| AIM OF THE TASK |
Everything from the line containing "Argentina Wine Vineyard" through the last line of the data below is to be retyped exactly, apart from the pictures.

| INPUT DATA |
---+---
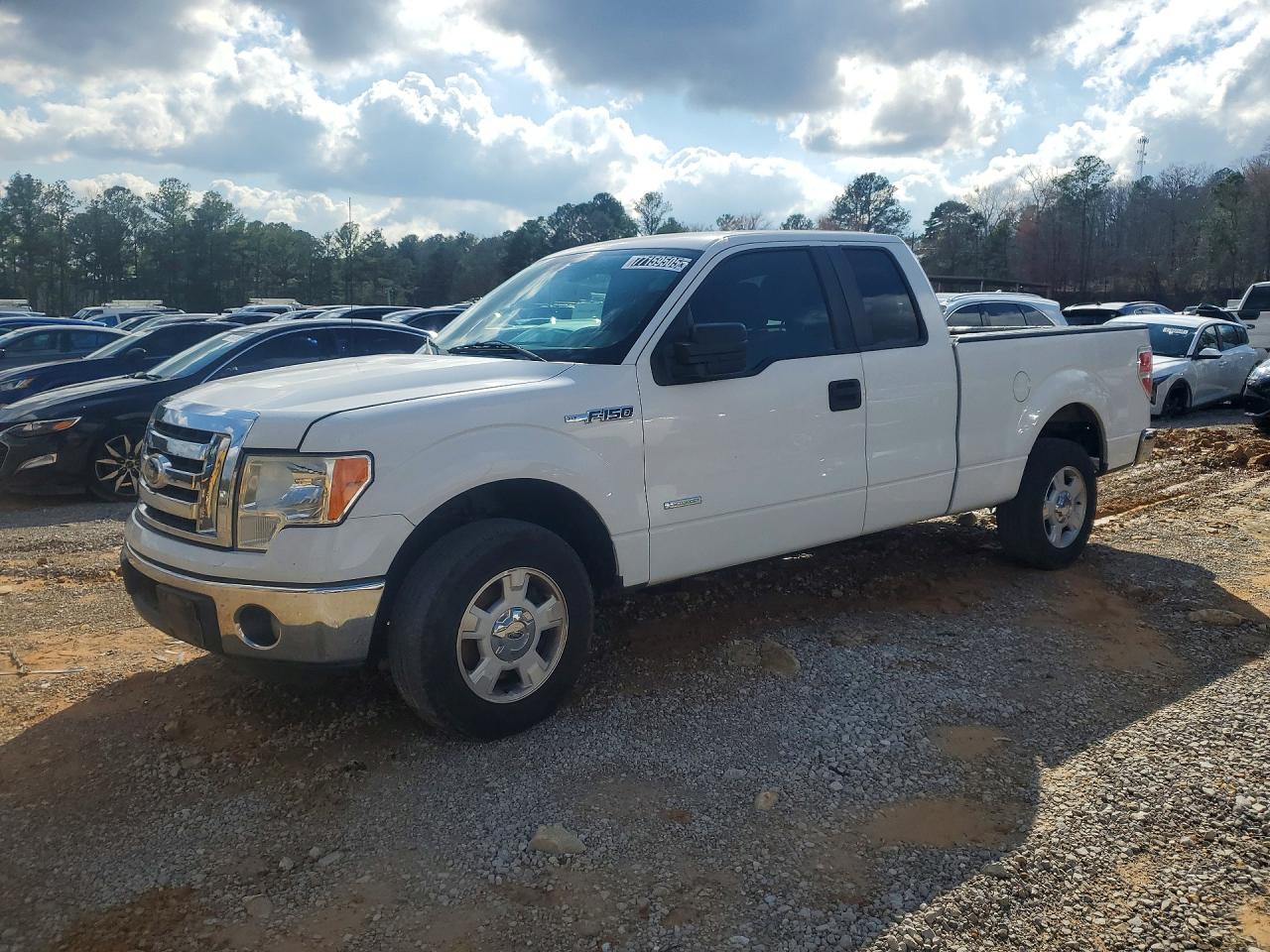 Salvage Ford F-150 Image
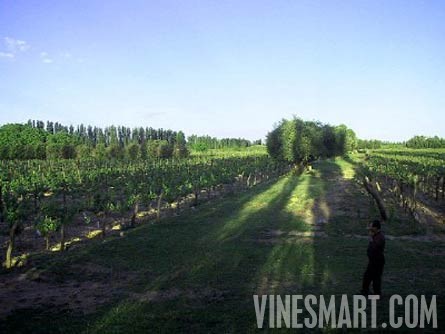 Argentina Wine Vineyard and Ochard For Sale - Wine Real Estate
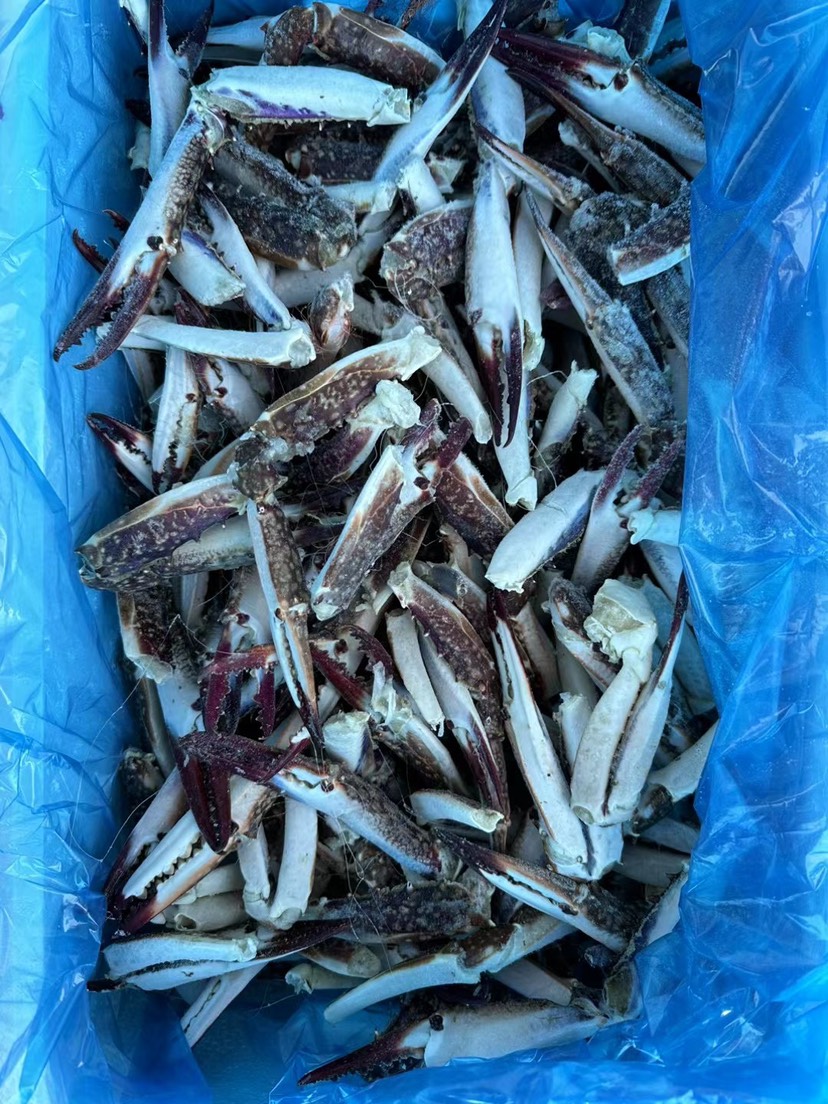 梭子蟹脚捞汁蟹钳深海海鲜鲜活冷冻蟹钳饱满梭子蟹腿大螃蟹脚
---+---
| SOLUTION TO THE PROBLEM |
 Argentina Wine Vineyard and Ochard For Sale - Wine Real Estate
 梭子蟹脚捞汁蟹钳深海海鲜鲜活冷冻蟹钳饱满梭子蟹腿大螃蟹脚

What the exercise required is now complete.